After the announcement was made for the district award, Satterfield was received with a standing ovation. His words after the banquet reflect the admiration he holds for his fellow teachers.

"To be recognized amongst your peers is a great, great honor and to know how many professionals we have in Bartow County and then to be recognized not only as a finalist in your building but then as a finalist in the district then to eventually win it -- it's just a very, very great honor and a very rewarding experience," Satterfield said.

Cass High Principle Michael Nelson expressed his pride for Satterfield's achievement and the honor it brings to their entire school.

"It's just a great honor on behalf of the school.

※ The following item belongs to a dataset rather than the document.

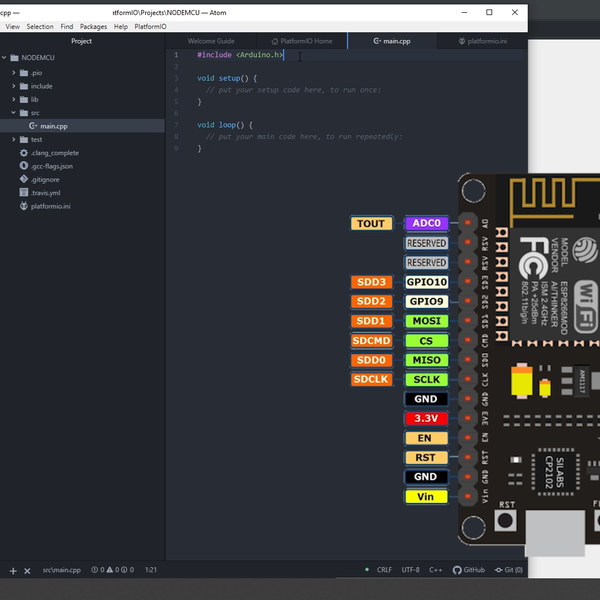 Blinking Onboard Led On Nodemcu Esp8266 Youtube 0266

Ryan is a graduate of Cass High School as well so to see one of our own and the job that he does on a daily basis to be recognized is a true honor for him, for us the school and for our students as well. He's a tremendous leader and does an excellent job for us," Nelson said.

Satterfield noted that a number of Cass High teachers call the school their alma mater as he explained the strong familial bonds that exist between them.

"Cass is home, of course I bleed blue and gold. I did spend four years at Adairsville, which was a remarkable, remarkable experience for me. But coming back to Cass, like I said, it's home," Satterfield said, adding that at least a dozen graduates are now teaching at Cass. "It's really great to walk the old halls you use to walk. We're moving into the new building, which will be a new chapter for Cass High School in January. We're really looking forward to that but it certainly will be different."

As a business education and computer science teacher, Satterfield finds inspiration in enabling students to learn giving them the ability to grow. It is the growth of students that motivates him to teach.

"The motivation is watching the kids grow, nine through 12 and watching them succeed after high school, but you really watch some of them grow on a daily basis," Satterfield said. "Watching kids say, 'Aha, I get it' -- that never gets old."